I've used WITH XMLNAMESPACES(DEFAULT .....) since this is the only XML namespace in play, and it's defined at the top-level node - so it applies to every node in the XML structure.
Update: giving a much more thorough example.
The first two solutions offered were right along the lines of what I was trying to say not to do. I can't know location, it needs to be able to look at the whole document tree. So a solution along these lines, with /Books/ specified as the context will not work:
SELECT x.query('.') FROM #xml.nodes('/Books/*[not(#ID) or #ID = 5]') x1(x)
Original question with better example:
Using SQL Server 2005's XQuery implementation I need to select all nodes in an XML document, just once each and keeping their original structure, but only if they are missing a particular attribute, or that attribute has a specific value (passed in by parameter). The query also has to work on the whole XML document (descendant-or-self axis) rather than selecting at a predefined depth.
That is to say, each individual node will appear in the resultant document only if it and every one of its ancestors are missing the attribute, or have the attribute with a single specific value.
For example:
If this were the XML:
DECLARE #Xml XML
SET #Xml =
N'
<Library>
<Novels>
<Novel category="1">Novel1</Novel>
<Novel category="2">Novel2</Novel>
<Novel>Novel3</Novel>
<Novel category="4">Novel4</Novel>
</Novels>
<Encyclopedias>
<Encyclopedia>
<Volume>A-F</Volume>
<Volume category="2">G-L</Volume>
<Volume category="3">M-S</Volume>
<Volume category="4">T-Z</Volume>
</Encyclopedia>
</Encyclopedias>
<Dictionaries category="1">
<Dictionary>Webster</Dictionary>
<Dictionary>Oxford</Dictionary>
</Dictionaries>
</Library>
'
A parameter of 1 for category would result in this:
<Library>
<Novels>
<Novel category="1">Novel1</Novel>
<Novel>Novel3</Novel>
</Novels>
<Encyclopedias>
<Encyclopedia>
<Volume>A-F</Volume>
</Encyclopedia>
</Encyclopedias>
<Dictionaries category="1">
<Dictionary>Webster</Dictionary>
<Dictionary>Oxford</Dictionary>
</Dictionaries>
</Library>
A parameter of 2 for category would result in this:
<Library>
<Novels>
<Novel category="2">Novel2</Novel>
<Novel>Novel3</Novel>
</Novels>
<Encyclopedias>
<Encyclopedia>
<Volume>A-F</Volume>
<Volume category="2">G-L</Volume>
</Encyclopedia>
</Encyclopedias>
</Library>
I know XSLT is perfectly suited for this job, but it's not an option.
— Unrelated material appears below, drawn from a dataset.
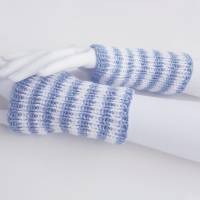 Pulswärmer 100 % Merino-Wolle handgestrickt hellblau weiß gestreift - Damen - Einheitsgröße - Modell 19 Bild 2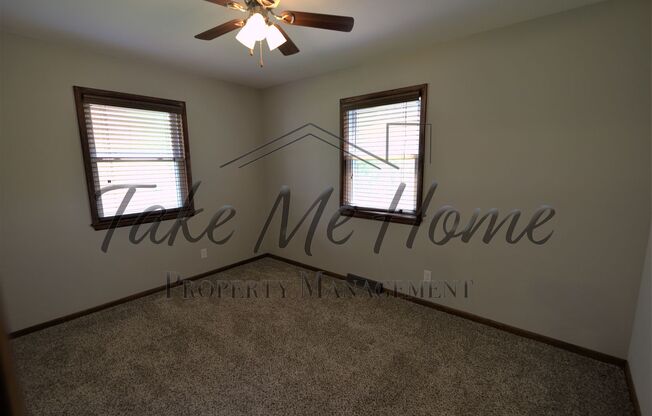 3 beds, 2 baths, $1,595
We have to accomplish this entirely in SQL Server 2005. Any implementations not using XQuery are fine too, as long as it can be done entirely in T-SQL.
It's not clear for me from your example what you're actually trying to achieve. Do you want to return a new XML with all the nodes stripped out except those that fulfill the condition? If yes, then this looks like the job for an XSLT transform which I don't think it's built-in in MSSQL 2005 (can be added as a UDF: http://www.topxml.com/rbnews/SQLXML/re-23872_Performing-XSLT-Transforms-on-XML-Data-Stored-in-SQL-Server-2005.aspx).
If you just need to return the list of nodes then you can use this expression:
//Book[not(#ID) or #ID = 5]
but I get the impression that it's not what you need. It would help if you can provide a clearer example.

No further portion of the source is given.